• What is expected: The records that follow are to be repeated exactly, with the pictures removed.
------ Material for the task ------
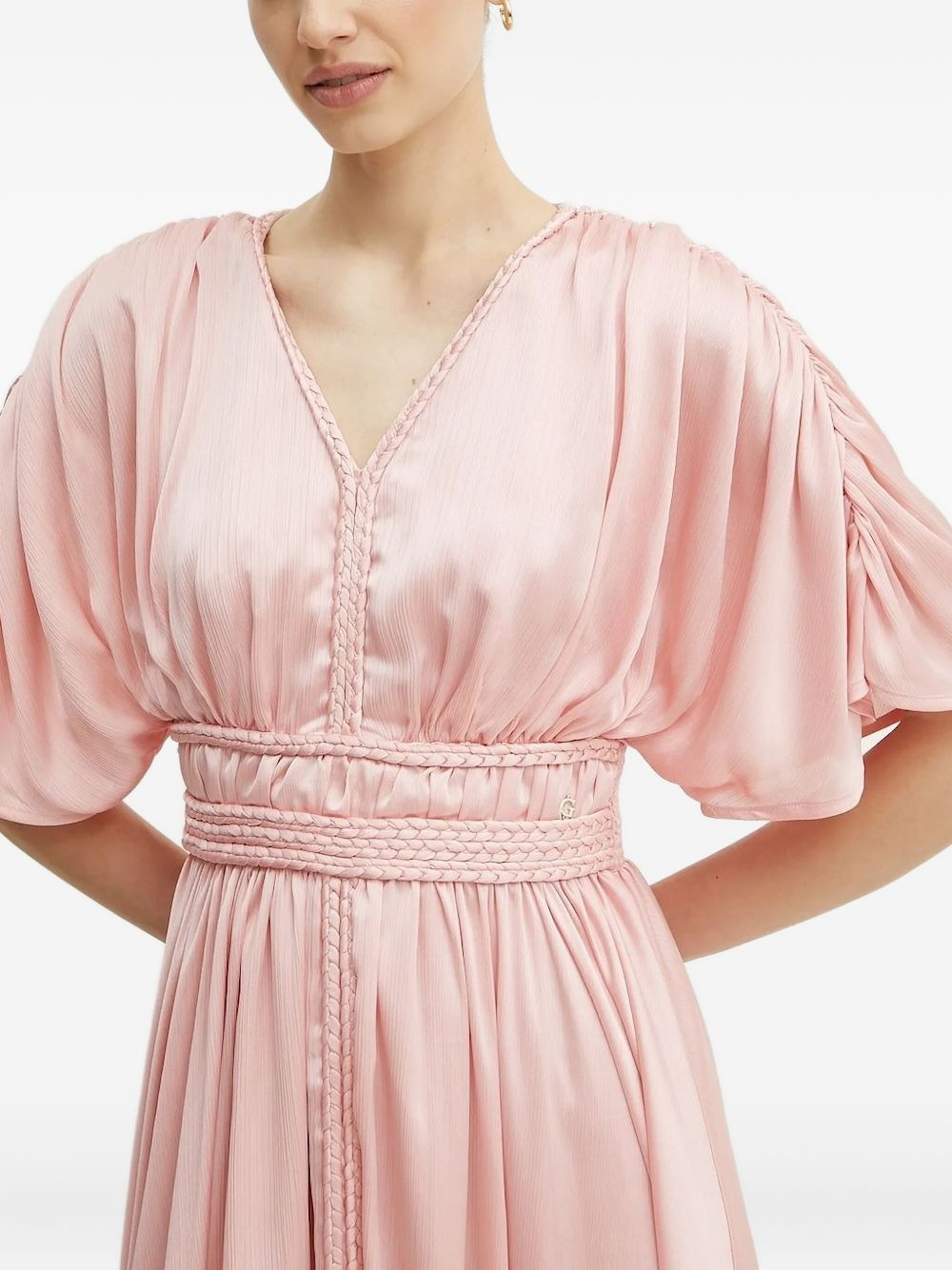 braided-waist V-neck dress - 3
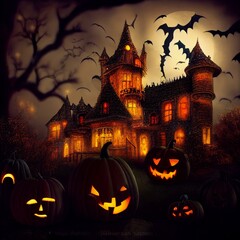 Fototapeta na wymiar Spooky castle on a Halloween night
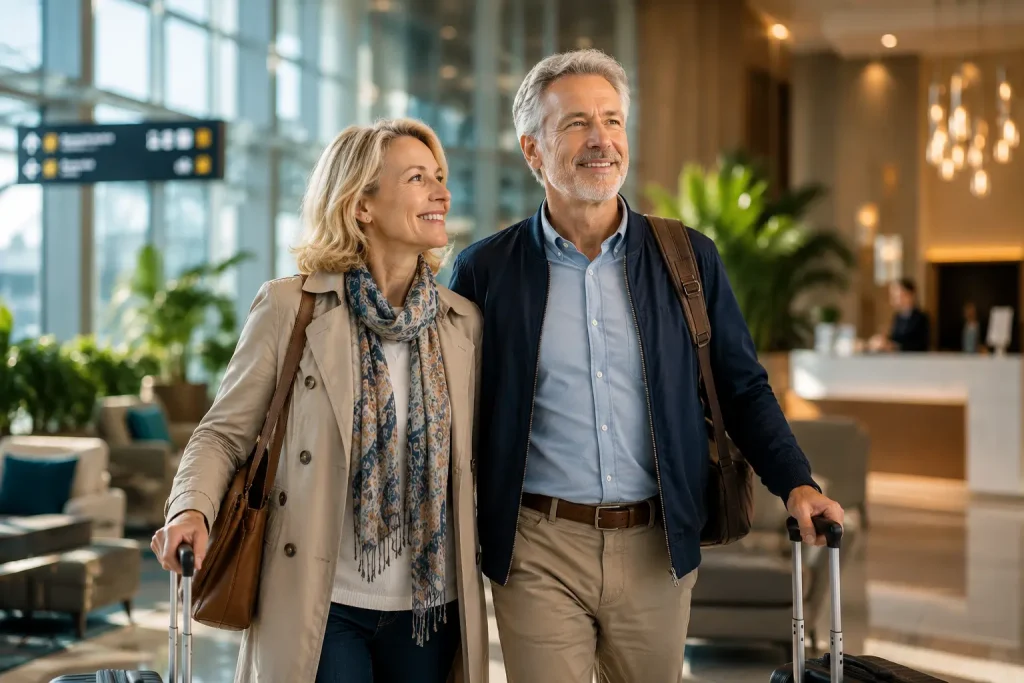Happy mature couple traveling with confidence and access to medical support abroad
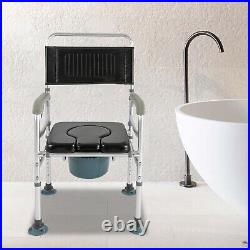 Multi-purpose Folding Shower Seat Bath Chair with Arms and Back Detachable Commode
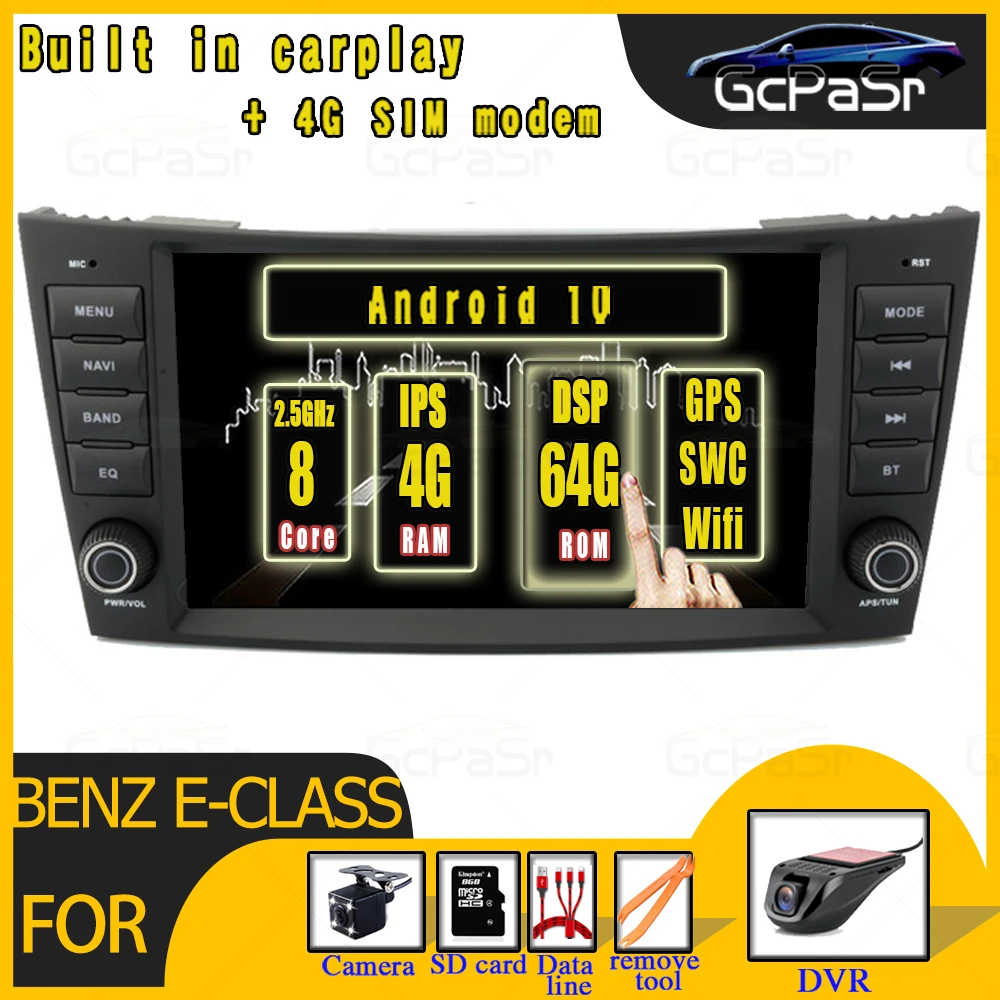 Автомобильный DVD мультимедийный плеер IPS 4G + 64G Android 10 для Mercedes Benz E class W211 E200 E220 E300 E350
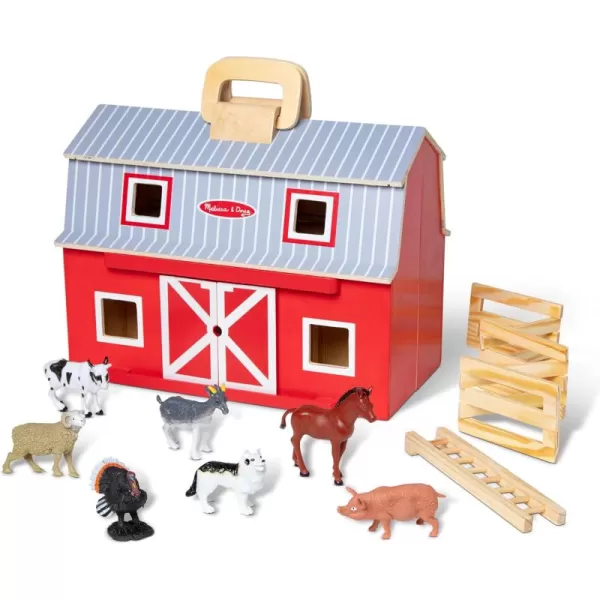 imageMelissa ampamp Doug Fold and Go Wooden Barn With 7 Animal Play Figures  Farm Animals Portable Toys For Kids And Toddlers Ages 3Set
------
• Exercise answer:
 braided-waist V-neck dress - 3
 Fototapeta na wymiar Spooky castle on a Halloween night
Happy mature couple traveling with confidence and access to medical support abroad
 Multi-purpose Folding Shower Seat Bath Chair with Arms and Back Detachable Commode
 Автомобильный DVD мультимедийный плеер IPS 4G + 64G Android 10 для Mercedes Benz E class W211 E200 E220 E300 E350
 imageMelissa ampamp Doug Fold and Go Wooden Barn With 7 Animal Play Figures  Farm Animals Portable Toys For Kids And Toddlers Ages 3Set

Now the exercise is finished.